Election in the Spanish region of the Valencian Community

A regional election was held in the Valencian Community on 28 April 2019 to elect the 10th Corts of the autonomous community. All 99 seats in the Corts were up for election. It was held concurrently with the April 2019 Spanish general election. This was the first early regional election ever held in the Valencian Community, as well as the first Valencian election to not be held concurrently with any other regional election.

The Socialist Party of the Valencian Country (PSPV) and Coalició Compromís formed a minority coalition government in 2015, relying on confidence and supply support from Podemos, an arrangement which was dubbed the "Botànic Agreement" and forced the governing People's Party (PP) into opposition after dominating Valencian politics during the previous 20 years. The political landscape experienced some changes during the next four years, with the PP losing support to the emerging liberal Citizens (Cs) party and the right-wing populist Vox, while on the left, United Left of the Valencian Country (EUPV) formed an electoral alliance with Podemos called Unides Podem.

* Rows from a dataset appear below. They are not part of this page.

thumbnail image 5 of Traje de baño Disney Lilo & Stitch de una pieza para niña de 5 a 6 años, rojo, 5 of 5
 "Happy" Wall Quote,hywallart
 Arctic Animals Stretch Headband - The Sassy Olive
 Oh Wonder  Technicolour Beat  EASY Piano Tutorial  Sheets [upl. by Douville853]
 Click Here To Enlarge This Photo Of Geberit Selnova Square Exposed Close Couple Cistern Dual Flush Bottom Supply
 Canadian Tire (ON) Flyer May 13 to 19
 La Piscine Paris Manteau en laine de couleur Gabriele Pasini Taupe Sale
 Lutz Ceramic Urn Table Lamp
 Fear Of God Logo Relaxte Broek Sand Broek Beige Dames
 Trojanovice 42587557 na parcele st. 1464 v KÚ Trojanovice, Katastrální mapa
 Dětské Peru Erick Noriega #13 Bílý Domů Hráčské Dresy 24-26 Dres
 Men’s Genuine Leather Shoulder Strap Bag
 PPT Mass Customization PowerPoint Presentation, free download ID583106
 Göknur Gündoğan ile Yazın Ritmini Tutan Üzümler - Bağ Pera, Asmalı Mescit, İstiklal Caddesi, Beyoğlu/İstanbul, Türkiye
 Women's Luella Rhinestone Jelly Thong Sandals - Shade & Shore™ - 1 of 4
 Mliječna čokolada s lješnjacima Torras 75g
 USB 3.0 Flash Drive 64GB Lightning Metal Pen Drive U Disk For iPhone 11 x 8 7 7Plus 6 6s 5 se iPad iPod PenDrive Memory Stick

The election resulted in a reduced majority for the left-wing parties. The PSPV emerged as the largest party for the first time since 1991, whereas the PP suffered the worst result in its history. Cs and Vox benefited from the PP's losses, the latter entering the Corts for the first time. Compromís and Unides Podem had disappointing finishes, losing seats and ending up in fourth and sixth place, respectively. These results led to a continuation of the 2015 Botànic Agreement, though this time Podemos and EUPV joined the government as full coalition partners.

==Background==
The 2015 regional election had resulted in the People's Party's (PP) expulsion from the regional government after a 20-year uninterrupted rule. Amid a string of corruption scandals that kept shocking the party and brought down many of its historical figureheads apparently involved in the scandals, the regional PP found itself leaderless and in a precarious situation.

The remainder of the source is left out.